12 days of KC Royals: A decade without rebuild
By Jordan Foote
2010-2019 was a rollercoaster of a decade for the KC Royals. Every fan should be hoping for a smooth decade of baseball to follow.
Welcome back to Kings of Kauffman’s 12 Days of KC Royals Christmas series. Every day through December 25, the team here will take turns coming up with their wish lists for the hometown squad. Today, let’s focus on a wish everyone probably has: a decade without rebuild.
Technically, you could call the 2020 and 2021 seasons “rebuild” years if you wanted to. Touché. The beginning of the transformation into the next contending core of the Kansas City Royals launched following the conclusion of the 2017 season, though. Deciding to part ways with Eric Hosmer and Lorenzo Cain signaled the franchise was headed in a different direction. Later deciding to do the same with Mike Moustakas and Alcides Escobar cemented it.
The organization’s farm system has improved significantly in recent years. Sprinkled with position-player talent like Bobby Witt Jr., there’s enough to be excited about. The 2018 draft class truly raised the bar, though. The additions of Brady Singer, Jackson Kowar, Daniel Lynch, Kris Bubic and others provide glimmers of hope. There is legitimate reason to believe the future of the Royals is in good shape.
Team general manager Dayton Moore is credited with putting together the teams that went to the World Series in 2014 and won the whole shebang the following year. He combined an impressive crop of homegrown talent with some savvy trade/free agent acquisitions to field some of the best squads the MLB had to offer this decade. He’ll need to have one more trick up his sleeve to improve on that model in the 2020s.
The last run was a good one. From 2013 to 2017, the team was at least somewhat competitive. The beginning and end years weren’t playoff-caliber, but they were fairly close. Let’s get this out of the way: The 2020 version of the Kansas City Royals is not going to be very good. Heck, the 2021 version of the same team probably won’t be good, either. But once top prospects get promoted and acclimated to the MLB, along with the current core peaking at the same time, things could turn out great.

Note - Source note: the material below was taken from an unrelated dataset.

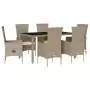 Set da Pranzo da Giardino 7 pz con Cuscini Beige in Polyrattan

What happens after that will determine whether or not Moore learned from the last instance. Once the 2015 World Series team disbanded, the dreaded “small market effect” set in. To throw salt onto the wound, the minor league system was quite anemic in terms of talent. To create a lasting contender this coming decade, hitting on the majority of the club’s draft picks is paramount.
A lot will ride on new owner John Sherman’s willingness to spend. He’s mentioned sustained success being one of his goals with this team. Does that mean he’d rather be a perennial 90-win team instead of a 100-plus game winner for just a few seasons? Perhaps. If that’s the case, we could be in for an interesting span of Royals baseball.
At any rate, it’s been a rough past couple of seasons. Most fans may not have another drawn-out rebuild in them. Let’s hope there won’t be one for quite some time.